Traders are also looking ahead to the release of the Labor Department’s closely watched monthly employment report on Friday.

Economists currently expect employment to jump by 250,000 jobs in September after surging by 315,000 jobs in August, while the unemployment rate is expected to hold at 3.7 percent.

However, Nancy Vanden Houten, Lead U.S. Economist at Oxford Economics, said, “Any easing of labor market conditions will be welcome by the Fed but won’t change the FOMC’s plans to continue to raise rates in an effort to bring down inflation.”

“The labor market should still be characterized as tight, with the ratio of job openings to unemployed workers still elevated in August despite a small decline,” she added.

As the monthly jobs report looms, the Labor Department released a separate report this morning showing first-time claims for U.S. unemployment benefits rebounded by more than expected in the week ended October 1st.

The report said initial jobless claims climbed to 219,000, an increase of 29,000 from the previous week’s revised level of 190,000. Economists had expected jobless claims to inch up to 200,000 from the 193,000 originally reported for the previous week.

The revised figure for the previous week reflects the lowest number of jobless claims since the week ended April 23rd.
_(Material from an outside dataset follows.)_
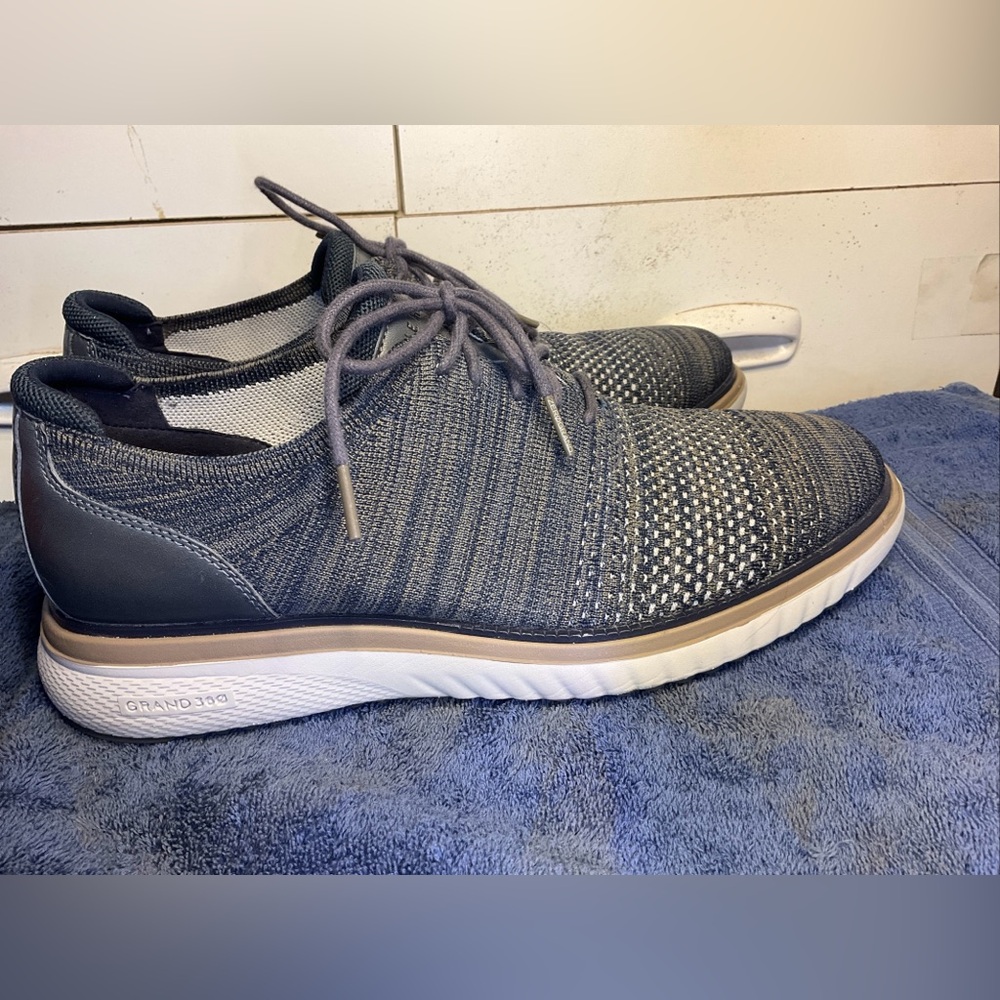 Cole Haan Grand 360 Blue Knit Oxfords men’s Size 10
Interest rate-sensitive utilities and commercial real estate stocks are leading the way lower on Wall Street, with the Dow Jones Utility Average and the Dow Jones U.S. Real Estate Index slumping by 2.6 percent and 2.1 percent, respectively.

Considerable weakness is also visible among airline stocks, as reflected by the 1.8 percent drop by the NYSE Arca Airline Index.

Banking, telecom and steel stocks have also shown notable moves to the downside, moving lower along with most of the other major sectors.

In overseas trading, stock markets across the Asia-Pacific region turned in a mixed performance during trading on Thursday. Japan’s Nikkei 225 Index advanced by 0.7 percent, while Hong Kong’s Hang Seng Index slid by 0.4 percent.

Meanwhile, the major European markets have all moved to the downside on the day. While the German DAX Index has fallen by 0.6 percent, the French CAC 40 Index and the U.K.’s FTSE 100 Index are both down by 1.1 percent.

In the bond market, treasuries are extending the sharp pullback seen in the previous session. As a result, the yield on the benchmark ten-year note, which moves opposite of its price, is up by 7.9 basis points at 3.838 percent.